Locus Amoenus provides a pioneering collection of new perspectives on Renaissance garden history, and the impact of its development. Experts in the field illustrate the extent of our knowledge of how the natural world looked and how humans related to their environment.
- A ground-breaking collection of new perspectives on garden history
- Essays demonstrate the extent of our knowledge of how the natural world looked and how humans related to their environment
- The book's broad coverage includes botany and herbals, literary reflections of changing ideas of landscape and nature, and human's place within it
- Contributors come from a wide range of experts, including archaeologists, scholars and the librarian and archivist to the Royal Horticultural Society
- Reflects the growing emergence of this field, which has been assisted both by archaeology and ideas from green studies and environmental criticism
- Richly illustrated throughout
Agrarian innovation and new empirical approaches to plants and their cultivation transformed the landscape and natural world in early modern Europe. These changes not only laid the foundations for the industrial revolution, but reflected changing political and scientific ideas, social relations and religious thought. New leisure pursuits, the first public parks and ideas surrounding philosophical retreat developed together as the ownership of green spaces and their uses shifted between function and recreation.
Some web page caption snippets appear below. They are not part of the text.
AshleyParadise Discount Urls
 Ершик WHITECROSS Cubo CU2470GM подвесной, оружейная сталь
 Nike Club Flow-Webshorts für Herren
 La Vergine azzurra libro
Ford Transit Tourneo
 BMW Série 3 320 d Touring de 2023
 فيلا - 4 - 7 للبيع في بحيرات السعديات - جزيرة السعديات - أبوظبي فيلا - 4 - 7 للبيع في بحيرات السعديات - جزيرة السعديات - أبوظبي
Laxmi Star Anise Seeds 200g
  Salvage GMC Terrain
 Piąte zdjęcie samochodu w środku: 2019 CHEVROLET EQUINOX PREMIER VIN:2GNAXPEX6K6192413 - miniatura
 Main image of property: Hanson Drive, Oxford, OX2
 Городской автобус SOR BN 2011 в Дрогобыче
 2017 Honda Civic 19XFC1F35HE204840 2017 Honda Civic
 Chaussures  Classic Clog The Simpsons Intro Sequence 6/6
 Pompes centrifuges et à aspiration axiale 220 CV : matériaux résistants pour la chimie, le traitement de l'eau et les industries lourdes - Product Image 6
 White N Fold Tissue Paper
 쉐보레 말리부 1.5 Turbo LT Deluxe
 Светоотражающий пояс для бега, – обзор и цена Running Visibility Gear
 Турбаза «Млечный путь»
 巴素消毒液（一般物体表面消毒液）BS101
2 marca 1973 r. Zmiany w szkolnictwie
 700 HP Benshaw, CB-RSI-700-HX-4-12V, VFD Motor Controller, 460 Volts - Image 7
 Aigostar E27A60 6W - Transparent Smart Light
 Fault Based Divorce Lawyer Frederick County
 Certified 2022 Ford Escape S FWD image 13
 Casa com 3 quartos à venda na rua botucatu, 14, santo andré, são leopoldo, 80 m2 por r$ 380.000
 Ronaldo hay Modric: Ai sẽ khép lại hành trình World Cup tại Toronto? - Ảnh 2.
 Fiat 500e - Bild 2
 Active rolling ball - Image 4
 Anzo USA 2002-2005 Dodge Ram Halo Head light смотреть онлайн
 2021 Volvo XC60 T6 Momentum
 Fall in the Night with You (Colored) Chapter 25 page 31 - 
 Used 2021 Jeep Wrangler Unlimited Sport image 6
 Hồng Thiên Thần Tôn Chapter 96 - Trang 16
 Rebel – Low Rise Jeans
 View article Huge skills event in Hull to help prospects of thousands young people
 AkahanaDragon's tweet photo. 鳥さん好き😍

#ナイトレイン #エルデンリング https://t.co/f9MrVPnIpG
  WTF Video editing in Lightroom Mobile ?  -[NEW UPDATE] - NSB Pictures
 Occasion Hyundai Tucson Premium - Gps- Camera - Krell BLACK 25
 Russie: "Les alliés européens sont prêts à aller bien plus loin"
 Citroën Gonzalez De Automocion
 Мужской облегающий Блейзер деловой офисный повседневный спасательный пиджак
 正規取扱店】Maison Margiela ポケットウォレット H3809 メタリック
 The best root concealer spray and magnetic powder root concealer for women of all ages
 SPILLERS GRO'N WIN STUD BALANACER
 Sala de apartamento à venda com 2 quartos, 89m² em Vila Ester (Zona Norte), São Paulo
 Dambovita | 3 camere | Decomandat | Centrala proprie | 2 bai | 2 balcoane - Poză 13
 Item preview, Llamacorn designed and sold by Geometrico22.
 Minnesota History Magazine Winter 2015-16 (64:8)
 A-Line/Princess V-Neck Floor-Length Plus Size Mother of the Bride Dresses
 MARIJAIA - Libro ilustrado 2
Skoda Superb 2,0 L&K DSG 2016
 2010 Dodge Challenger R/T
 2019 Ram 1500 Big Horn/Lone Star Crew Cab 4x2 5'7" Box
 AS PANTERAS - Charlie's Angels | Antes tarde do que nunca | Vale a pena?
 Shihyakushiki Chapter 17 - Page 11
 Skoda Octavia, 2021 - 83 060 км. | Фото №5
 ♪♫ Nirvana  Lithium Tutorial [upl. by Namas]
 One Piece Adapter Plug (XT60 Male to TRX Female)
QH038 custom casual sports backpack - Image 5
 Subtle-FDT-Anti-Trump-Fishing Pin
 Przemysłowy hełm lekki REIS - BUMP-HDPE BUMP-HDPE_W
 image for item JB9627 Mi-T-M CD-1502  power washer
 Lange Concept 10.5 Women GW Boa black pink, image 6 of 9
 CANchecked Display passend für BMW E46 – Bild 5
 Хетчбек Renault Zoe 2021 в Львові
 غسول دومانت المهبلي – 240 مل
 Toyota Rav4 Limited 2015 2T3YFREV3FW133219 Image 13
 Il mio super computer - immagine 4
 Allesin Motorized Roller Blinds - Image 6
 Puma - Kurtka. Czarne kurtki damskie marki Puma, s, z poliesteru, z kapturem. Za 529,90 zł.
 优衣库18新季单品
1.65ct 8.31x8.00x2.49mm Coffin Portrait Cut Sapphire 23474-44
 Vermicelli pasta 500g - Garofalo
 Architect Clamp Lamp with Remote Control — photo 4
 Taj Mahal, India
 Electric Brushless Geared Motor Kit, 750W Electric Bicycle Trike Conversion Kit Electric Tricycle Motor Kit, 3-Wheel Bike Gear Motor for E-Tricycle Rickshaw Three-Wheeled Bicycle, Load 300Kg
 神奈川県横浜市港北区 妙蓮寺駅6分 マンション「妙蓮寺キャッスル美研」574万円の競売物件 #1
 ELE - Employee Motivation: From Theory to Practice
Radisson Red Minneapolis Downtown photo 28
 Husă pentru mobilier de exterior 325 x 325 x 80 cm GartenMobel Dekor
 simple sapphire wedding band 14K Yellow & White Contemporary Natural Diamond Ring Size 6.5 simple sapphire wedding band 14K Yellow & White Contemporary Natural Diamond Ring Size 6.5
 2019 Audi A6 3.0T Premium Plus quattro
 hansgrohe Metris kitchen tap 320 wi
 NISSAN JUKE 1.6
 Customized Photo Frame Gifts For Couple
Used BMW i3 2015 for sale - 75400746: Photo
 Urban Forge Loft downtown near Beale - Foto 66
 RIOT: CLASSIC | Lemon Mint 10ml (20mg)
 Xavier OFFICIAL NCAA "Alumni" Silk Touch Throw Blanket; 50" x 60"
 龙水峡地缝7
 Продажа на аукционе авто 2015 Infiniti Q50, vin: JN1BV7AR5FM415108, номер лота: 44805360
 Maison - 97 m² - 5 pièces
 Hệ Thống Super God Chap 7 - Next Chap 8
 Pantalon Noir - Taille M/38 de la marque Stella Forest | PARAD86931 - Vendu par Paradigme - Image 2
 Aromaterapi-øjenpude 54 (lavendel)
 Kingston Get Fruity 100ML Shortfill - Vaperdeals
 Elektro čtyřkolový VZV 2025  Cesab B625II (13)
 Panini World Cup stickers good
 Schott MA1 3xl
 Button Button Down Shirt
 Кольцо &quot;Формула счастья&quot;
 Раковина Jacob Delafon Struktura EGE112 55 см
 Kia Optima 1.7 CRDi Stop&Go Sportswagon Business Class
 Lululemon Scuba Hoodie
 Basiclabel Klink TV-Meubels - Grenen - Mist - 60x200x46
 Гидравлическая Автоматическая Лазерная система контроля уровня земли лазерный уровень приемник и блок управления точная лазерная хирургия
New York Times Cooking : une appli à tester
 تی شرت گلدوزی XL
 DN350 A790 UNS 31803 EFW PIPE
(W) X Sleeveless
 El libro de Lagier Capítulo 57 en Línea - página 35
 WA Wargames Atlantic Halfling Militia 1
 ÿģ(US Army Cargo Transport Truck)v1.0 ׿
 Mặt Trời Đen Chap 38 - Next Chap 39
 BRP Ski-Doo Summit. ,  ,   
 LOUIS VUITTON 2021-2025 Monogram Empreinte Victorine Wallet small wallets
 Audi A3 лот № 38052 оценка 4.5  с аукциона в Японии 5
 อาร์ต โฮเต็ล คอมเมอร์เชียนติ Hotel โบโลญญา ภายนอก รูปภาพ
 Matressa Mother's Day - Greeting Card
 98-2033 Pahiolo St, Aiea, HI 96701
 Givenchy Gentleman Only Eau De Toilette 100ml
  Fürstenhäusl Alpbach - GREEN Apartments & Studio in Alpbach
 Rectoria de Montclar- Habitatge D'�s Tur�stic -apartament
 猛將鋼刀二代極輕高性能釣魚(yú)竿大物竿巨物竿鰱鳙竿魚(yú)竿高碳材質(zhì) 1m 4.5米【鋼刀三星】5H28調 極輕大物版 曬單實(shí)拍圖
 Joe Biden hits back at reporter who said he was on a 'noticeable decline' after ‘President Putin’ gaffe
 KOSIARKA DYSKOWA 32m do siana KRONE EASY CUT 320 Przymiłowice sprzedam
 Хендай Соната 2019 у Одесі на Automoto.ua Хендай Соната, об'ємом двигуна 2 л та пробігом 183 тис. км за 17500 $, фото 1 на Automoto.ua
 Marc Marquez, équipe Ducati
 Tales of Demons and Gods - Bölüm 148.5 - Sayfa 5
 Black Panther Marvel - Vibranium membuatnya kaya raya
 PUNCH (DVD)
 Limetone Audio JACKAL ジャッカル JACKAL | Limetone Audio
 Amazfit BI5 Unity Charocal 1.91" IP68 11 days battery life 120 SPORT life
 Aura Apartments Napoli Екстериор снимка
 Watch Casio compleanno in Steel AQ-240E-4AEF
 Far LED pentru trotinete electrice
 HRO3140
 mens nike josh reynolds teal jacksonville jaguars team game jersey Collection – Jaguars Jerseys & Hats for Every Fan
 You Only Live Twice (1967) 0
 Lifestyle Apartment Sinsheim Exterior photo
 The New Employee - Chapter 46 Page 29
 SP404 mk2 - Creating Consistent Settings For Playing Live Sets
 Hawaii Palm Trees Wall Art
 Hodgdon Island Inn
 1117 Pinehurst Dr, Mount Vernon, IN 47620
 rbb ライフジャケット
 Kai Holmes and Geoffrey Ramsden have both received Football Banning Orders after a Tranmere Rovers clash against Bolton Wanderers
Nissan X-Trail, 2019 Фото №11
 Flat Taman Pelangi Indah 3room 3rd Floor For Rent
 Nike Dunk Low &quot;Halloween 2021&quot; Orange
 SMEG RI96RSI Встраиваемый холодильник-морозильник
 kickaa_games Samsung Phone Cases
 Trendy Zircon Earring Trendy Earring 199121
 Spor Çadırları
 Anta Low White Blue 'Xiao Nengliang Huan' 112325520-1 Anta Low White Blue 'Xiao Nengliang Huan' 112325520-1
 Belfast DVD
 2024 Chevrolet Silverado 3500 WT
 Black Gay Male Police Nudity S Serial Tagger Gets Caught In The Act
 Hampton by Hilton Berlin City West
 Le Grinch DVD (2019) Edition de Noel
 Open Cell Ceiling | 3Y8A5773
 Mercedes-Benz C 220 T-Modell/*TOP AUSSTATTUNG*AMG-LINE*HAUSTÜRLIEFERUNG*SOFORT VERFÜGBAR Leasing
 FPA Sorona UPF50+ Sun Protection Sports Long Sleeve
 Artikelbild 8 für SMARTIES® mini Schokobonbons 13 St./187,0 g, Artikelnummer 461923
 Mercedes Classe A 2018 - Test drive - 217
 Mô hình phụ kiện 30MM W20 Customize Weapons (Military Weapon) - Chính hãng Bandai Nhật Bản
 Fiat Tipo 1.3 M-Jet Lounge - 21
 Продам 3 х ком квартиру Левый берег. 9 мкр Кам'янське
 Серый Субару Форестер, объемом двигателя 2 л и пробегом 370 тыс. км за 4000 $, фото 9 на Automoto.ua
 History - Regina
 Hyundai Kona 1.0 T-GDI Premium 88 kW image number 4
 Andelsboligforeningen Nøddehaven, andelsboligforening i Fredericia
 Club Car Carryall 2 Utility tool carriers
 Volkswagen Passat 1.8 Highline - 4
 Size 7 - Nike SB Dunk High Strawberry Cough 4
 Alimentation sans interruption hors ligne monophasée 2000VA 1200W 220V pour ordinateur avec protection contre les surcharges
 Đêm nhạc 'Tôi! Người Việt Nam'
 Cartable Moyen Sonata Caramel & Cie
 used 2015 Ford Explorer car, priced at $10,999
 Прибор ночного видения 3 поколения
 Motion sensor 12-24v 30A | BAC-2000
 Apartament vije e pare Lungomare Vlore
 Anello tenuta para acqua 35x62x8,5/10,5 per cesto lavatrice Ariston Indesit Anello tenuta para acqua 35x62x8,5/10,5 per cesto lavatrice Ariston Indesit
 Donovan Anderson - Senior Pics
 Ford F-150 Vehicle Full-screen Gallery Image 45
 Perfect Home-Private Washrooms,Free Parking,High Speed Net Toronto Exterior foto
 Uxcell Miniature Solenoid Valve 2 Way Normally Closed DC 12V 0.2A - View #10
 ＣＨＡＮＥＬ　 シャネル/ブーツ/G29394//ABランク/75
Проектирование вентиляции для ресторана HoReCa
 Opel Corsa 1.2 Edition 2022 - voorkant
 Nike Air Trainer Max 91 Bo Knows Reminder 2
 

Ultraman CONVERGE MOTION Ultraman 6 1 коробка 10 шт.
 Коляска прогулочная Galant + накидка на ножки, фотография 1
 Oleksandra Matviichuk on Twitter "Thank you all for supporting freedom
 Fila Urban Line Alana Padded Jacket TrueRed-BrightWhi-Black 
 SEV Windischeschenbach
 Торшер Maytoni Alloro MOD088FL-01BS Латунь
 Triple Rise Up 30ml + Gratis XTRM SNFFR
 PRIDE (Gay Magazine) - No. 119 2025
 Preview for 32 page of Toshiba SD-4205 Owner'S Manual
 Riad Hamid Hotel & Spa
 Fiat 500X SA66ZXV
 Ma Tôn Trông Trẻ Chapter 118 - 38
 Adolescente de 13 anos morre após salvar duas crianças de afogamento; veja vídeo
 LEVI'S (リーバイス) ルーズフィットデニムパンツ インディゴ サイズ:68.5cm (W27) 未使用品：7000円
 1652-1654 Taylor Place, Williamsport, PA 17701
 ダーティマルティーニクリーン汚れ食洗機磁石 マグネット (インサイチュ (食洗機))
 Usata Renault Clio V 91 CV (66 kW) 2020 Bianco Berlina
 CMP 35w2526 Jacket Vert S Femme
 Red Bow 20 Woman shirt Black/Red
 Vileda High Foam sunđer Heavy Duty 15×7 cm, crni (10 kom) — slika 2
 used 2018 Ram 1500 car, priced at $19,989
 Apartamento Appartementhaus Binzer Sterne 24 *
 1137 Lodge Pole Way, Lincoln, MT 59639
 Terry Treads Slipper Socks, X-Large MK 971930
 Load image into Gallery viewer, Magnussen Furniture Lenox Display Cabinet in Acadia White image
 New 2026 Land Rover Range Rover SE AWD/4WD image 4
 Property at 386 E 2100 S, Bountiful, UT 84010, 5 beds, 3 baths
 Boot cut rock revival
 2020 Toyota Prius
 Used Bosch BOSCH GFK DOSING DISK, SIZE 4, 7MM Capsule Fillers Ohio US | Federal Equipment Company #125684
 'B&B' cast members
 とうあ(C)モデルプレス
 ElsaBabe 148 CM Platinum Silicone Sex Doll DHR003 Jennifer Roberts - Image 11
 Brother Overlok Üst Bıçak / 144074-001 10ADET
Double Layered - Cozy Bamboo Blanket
Within Locus Amoenus, Alexander Samson provides a pioneering collection of new perspectives on garden history and the impact of its development, focusing on the Renaissance era. Contributions from a wide range of experts in the field guide readers through the world of the Renaissance herbal, medievalism in the English 'Renaissance' garden, the personification of nature in sixteenth-century Italy, Gascoigne's Gardnings, Mary Somerset's plants and Spanish Renaissance gardens.
These insightful contributions to Renaissance gardens and horticulture demonstrate the extent of our knowledge on how the natural world looked and how humans related to their environment. Ultimately, they reveal that gardens were a reflection of our changing relationship with nature and as such, a reflection of our development.